Lebanon's rival leaders met on Tuesday for the third round of national dialogue amid heavy reinforcements made by security forces to stop protesters from reaching the parliament building in downtown Beirut's Nejmeh Square.
A terse statement said the conferees focused on the issue of the presidential vacuum and that the next rounds of national dialogue will be held on October 6, 7 and 8.
Marada Movement leader MP Suleiman Franjieh told reporters that the meeting was “more than positive.”
For his part, Progressive Socialist Party leader MP Walid Jumblat said “the debate is continuous and serious,” declining to reveal more details.
He however said that the dialogue parties will not agree on a new president “unless they take us to the Seychelles islands.”
Meanwhile, Change and Reform bloc leader MP Michel Aoun “gave up his demand on electing a president by a popular vote and spoke of a proportional representation (electoral) law based on 15 electorates,” LBCI television said.
After the dialogue session ended, a two-hour, closed-door meeting was held at Speaker Nabih Berri's office in the presence of Premier Tammam Salam, al-Mustaqbal bloc chief ex-PM Fouad Saniora, Jumblat, Aoun and Hizbullah MP Mohammed Raad.
Media reports said the meeting tackled the controversial issue of the promotion of army officers.
“A settlement over military appointments failed after Saniora rejected it,” MTV said.
Police had put concrete blocks as part of exceptional security measures they took near the square and the roads leading to it, a security official said.
The official told al-Joumhouria newspaper that police would confront any attempt to breach the erected barrier.
Despite the police measures, activists gathered in the area wearing sportswear with printed slogans demanding to topple the regime.
They began throwing footballs from across the barrier after writing slogans on them.
“We are playing here the same way they (the officials) are playing,” said one of them.
On Sunday, hundreds of protesters pushed through a security cordon as they marched toward parliament. It was the latest in a series of demonstrations that began with a trash crisis following the closure of the Naameh landfill but has since expanded to target the country's political class.

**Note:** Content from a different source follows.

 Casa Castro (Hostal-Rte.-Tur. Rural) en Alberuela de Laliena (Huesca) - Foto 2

After more than an hour of standoff and some scuffles, protesters broke through the cordon. Police let them into the street leading to the square and the parliament, but set up a new cordon closer to the parliament building.

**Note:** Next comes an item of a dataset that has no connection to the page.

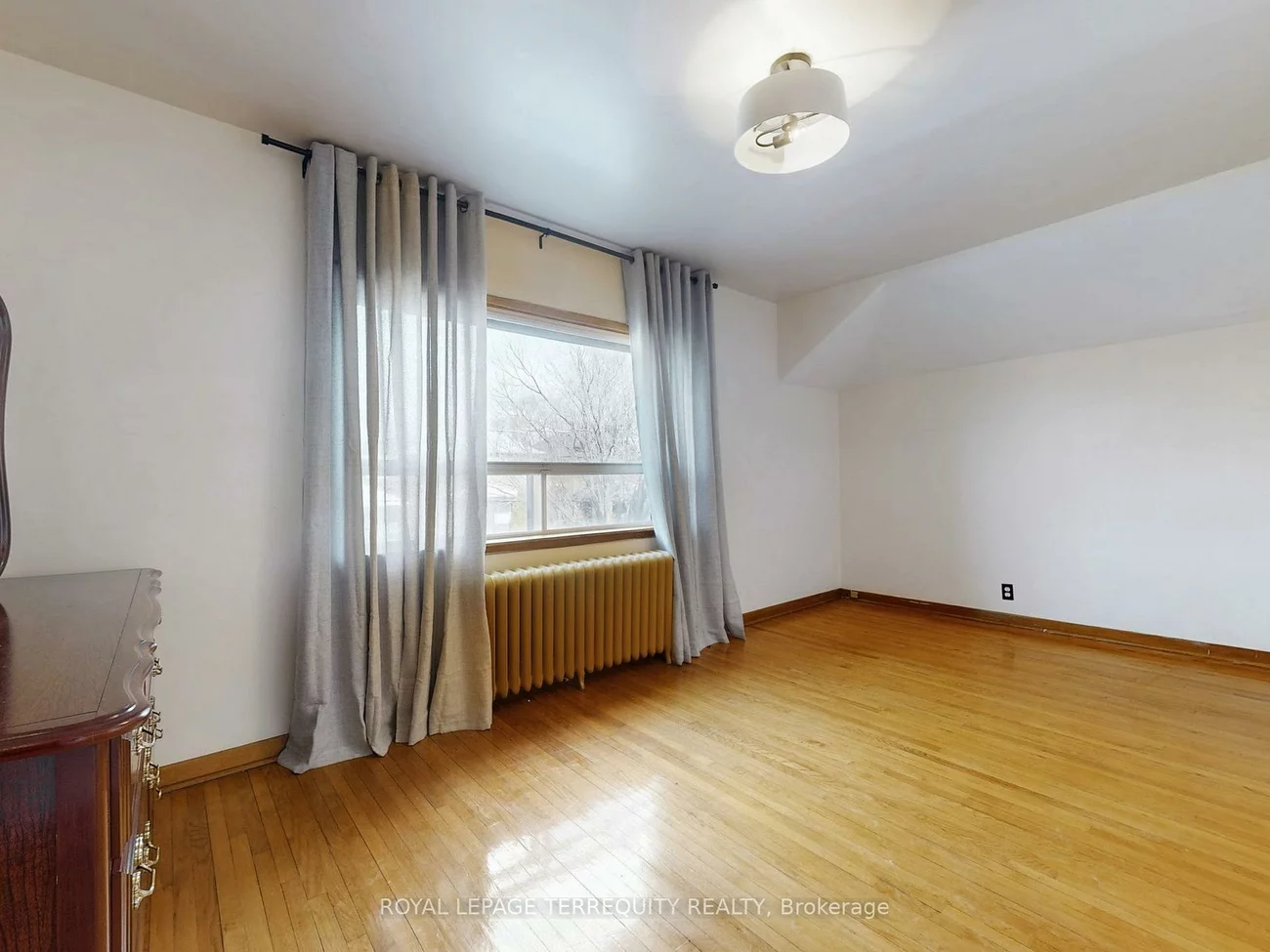 371, Strathmore, Danforth, Toronto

The official also told al-Joumhouria that security forces took extra measures near the Justice Palace in Beirut after a previously unknown group naming itself the “Nation's Cry” held a sit-in in the area to call for distancing the judiciary from corruption.
The all-party talks chaired by Berri began last month after the eruption of the anti-government protests.

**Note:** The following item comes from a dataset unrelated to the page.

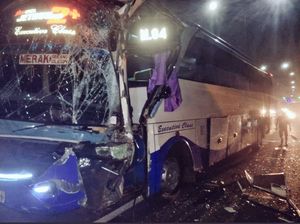 Bus Tabrak Pembatas Jalan di KM 5 Tol Kedoya Arah Tangerang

The movement is growing to include different groups with varied grievances about government dysfunction. There has been recurrent friction between police and protesters.
Last week, MP Michel Aoun did not attend the talks. He delegated his son-in-law Free Patriotic Movement chief Foreign Minister Jebran Bassil instead.
Bassil told An Nahar that the FPM's "stance is clear."
"The people are the source of all powers,” said Bassil, who recently took over the FPM leadership from Aoun.
The movement has been calling for direct presidential elections to resolve Lebanon's political crisis which erupted when Michel Suleiman's six-year term ended in May last year.
Baabda Palace has been vacant since then.
The presidential deadlock tops the agenda of the all-party talks, which are expected to tackle the resumption of the work of parliament and the cabinet, a new electoral draft-law, legislation allowing Lebanese expats to obtain the nationality, administrative decentralization and ways to support the army and the Internal Security Forces.
G.K./Y.R.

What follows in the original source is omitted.